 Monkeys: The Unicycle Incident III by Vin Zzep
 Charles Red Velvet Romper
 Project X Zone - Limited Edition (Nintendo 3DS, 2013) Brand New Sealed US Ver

Aim of the exercise: Would you give the material above again, complete and exact?

Response for this exercise:
 Monkeys: The Unicycle Incident III by Vin Zzep
 Charles Red Velvet Romper
 Project X Zone - Limited Edition (Nintendo 3DS, 2013) Brand New Sealed US Ver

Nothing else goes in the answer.